Tutto questo accade quando ancora non sono le 15.00, e poiché il pomeriggio è ancora all’esordio decidiamo di proseguire verso Lurago Marinone per una sosta al birrificio dove ci premieremo con una gustosa birra appena spillata. Durante lo spostamento alcuni di noi ci salutano a Lecco e prendono la direttrice per Erba e Como: le sedici moto rimaste sfiorano Civate, Cassano Brianza, Arosio, Cermenate e Lomazzo e aggiungono una tappa imprevista alla gita: notiamo che, in uno spiazzo polveroso a lato della SS36, sono raggruppate diversi modelli di moto BMW, dietro cui c’è un grande stand ed alcuni gazebo; entriamo in massa nel piazzale sollevando un polverone da 10° cavalleria alla riscossa e trascorriamo mezzoretta ad ammirare non tanto la bellezza delle bicilindriche bavaresi, quanto la bellezza delle ragazze che ci invitano a provarle. La voglia di provare le moto non sopraggiunge. A provare il resto qualcuno ci ha fatto anche un pensierino…

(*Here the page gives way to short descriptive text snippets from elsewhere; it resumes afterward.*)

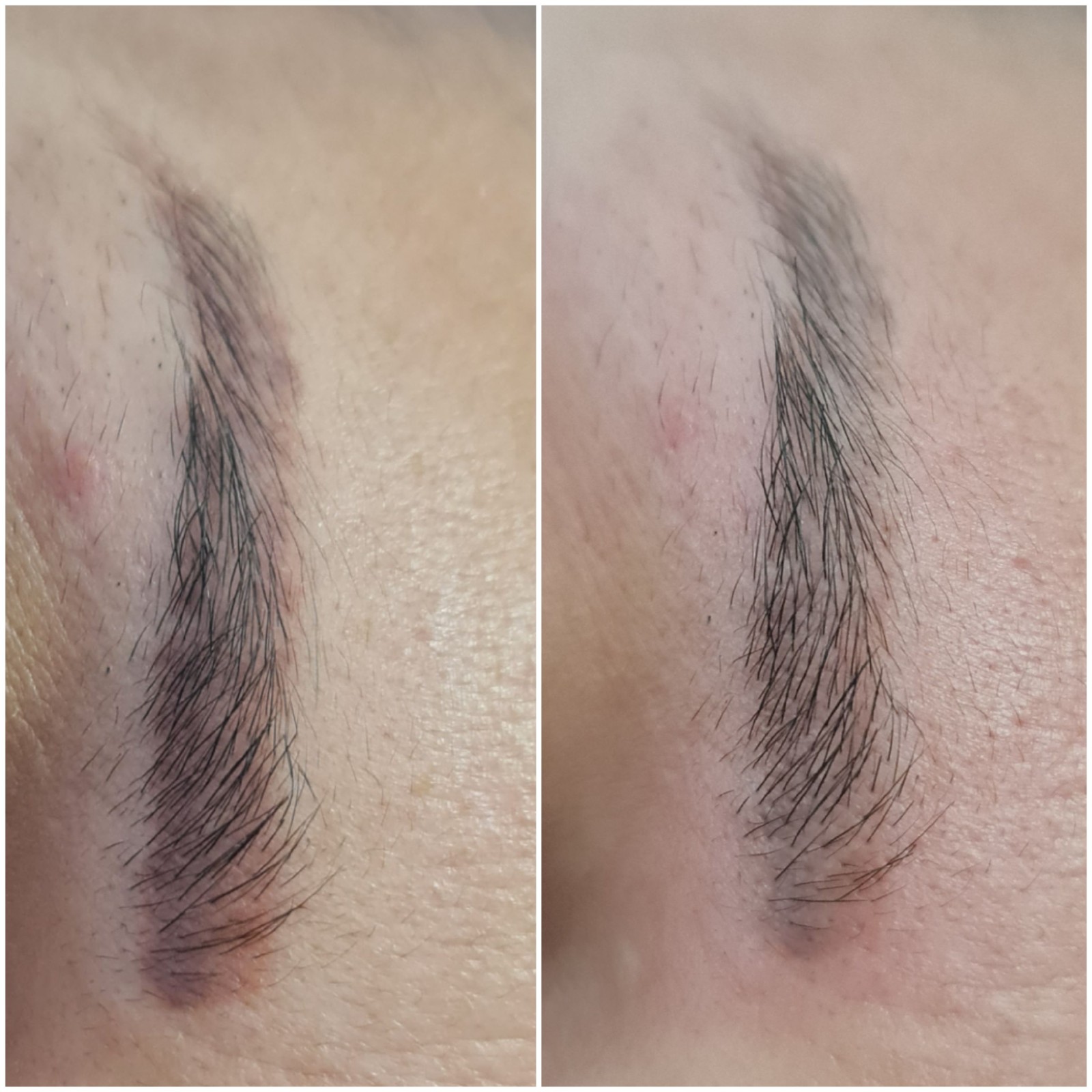 Détatouage combien de séances il faut prévoir pour les sourcils bleus rouges ou violets les résultat avant après? 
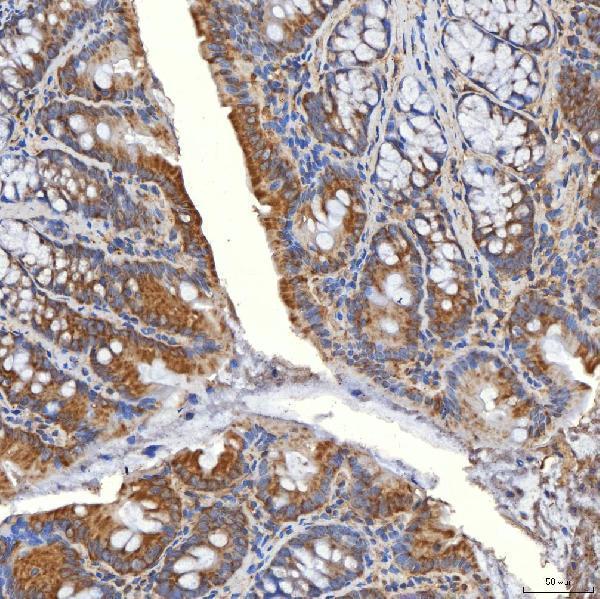 a03537 1 slc20a1 primary antibodies ihc testing 12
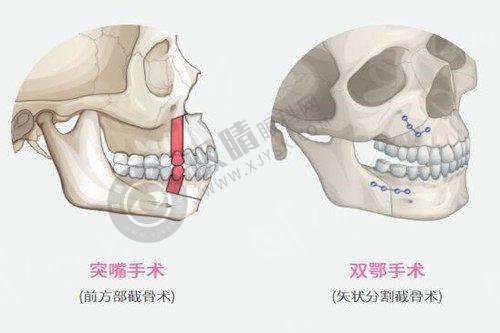 淄博阳光整形美容医院——老牌医美机构的不错技术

Eccoci ora a Lurago Marinone, con le nostre due-ruote schierate, a godere della compagnia e a brindare agli amici, senza che le bocche tacciano: se qualcuno appuntasse, gita dopo gita, tutto ciò che viene detto e raccontato si potrebbero scrivere diversi volumi sul motociclista-pensiero.
Le 18.00 sono già passate da un po’, e facciamo ritorno alla nostra provincia dopo Mozzate, quindi Gorla Maggiore, Cassano Magnago e Gallarate. Sebbene manchino ormai pochissimi chilometri a casa, l’uscita ancora non è finita: alcuni amici decidono che la giornata è stata troppo bella per dichiararla conclusa, e decidono di chiuderla nel migliore dei modi. Tutti al ristorante Crugnolino per il rito della pizza con cui, fosse vero, tentiamo di esorcizzare il lunedì in arrivo col suo carico di quotidianità, dilatando la domenica finché migliaia di stelle hanno ormai preso il posto dell’unico sole.